**Task prompt**
Among the lines below, the one containing "24Pcs Halloween Black" opens the range and the one containing "Hand drawn floral" closes it. Print that range exactly, without the pictures.

**Supplied records**
[Start of section]

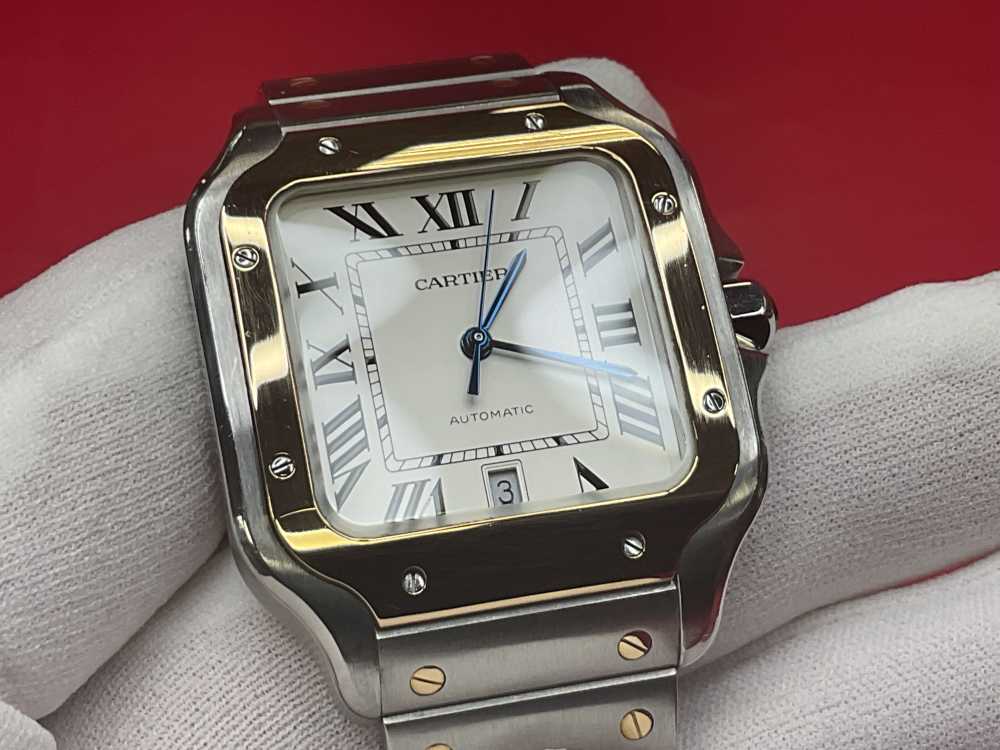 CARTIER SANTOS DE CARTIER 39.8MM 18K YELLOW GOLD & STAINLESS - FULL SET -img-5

[End of section]
[Start of section]

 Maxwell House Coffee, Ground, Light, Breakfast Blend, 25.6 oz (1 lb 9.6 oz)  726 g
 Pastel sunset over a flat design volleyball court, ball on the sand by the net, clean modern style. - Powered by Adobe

[End of section]
[Start of section]

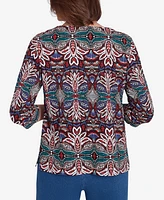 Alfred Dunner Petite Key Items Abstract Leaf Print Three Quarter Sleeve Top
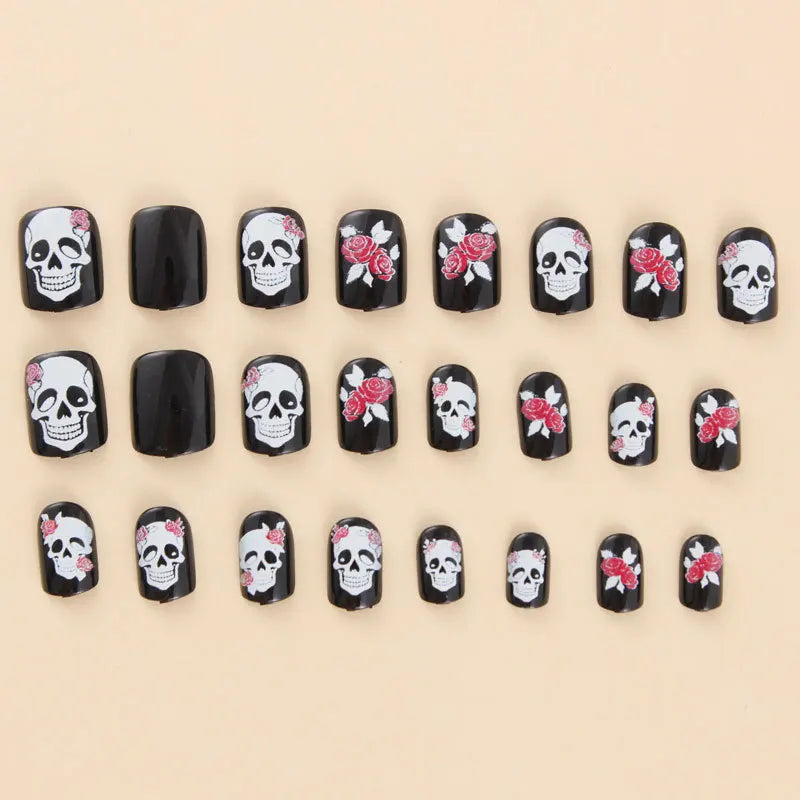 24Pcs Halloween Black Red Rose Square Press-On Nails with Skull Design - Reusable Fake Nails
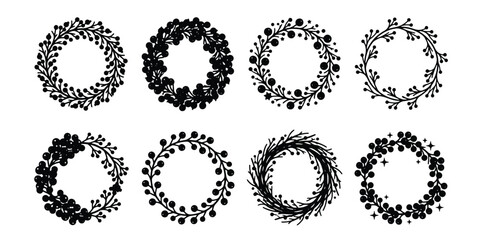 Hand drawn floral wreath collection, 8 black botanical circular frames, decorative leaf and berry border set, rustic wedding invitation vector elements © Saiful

[End of section]

**Response**
 24Pcs Halloween Black Red Rose Square Press-On Nails with Skull Design - Reusable Fake Nails
 Hand drawn floral wreath collection, 8 black botanical circular frames, decorative leaf and berry border set, rustic wedding invitation vector elements © Saiful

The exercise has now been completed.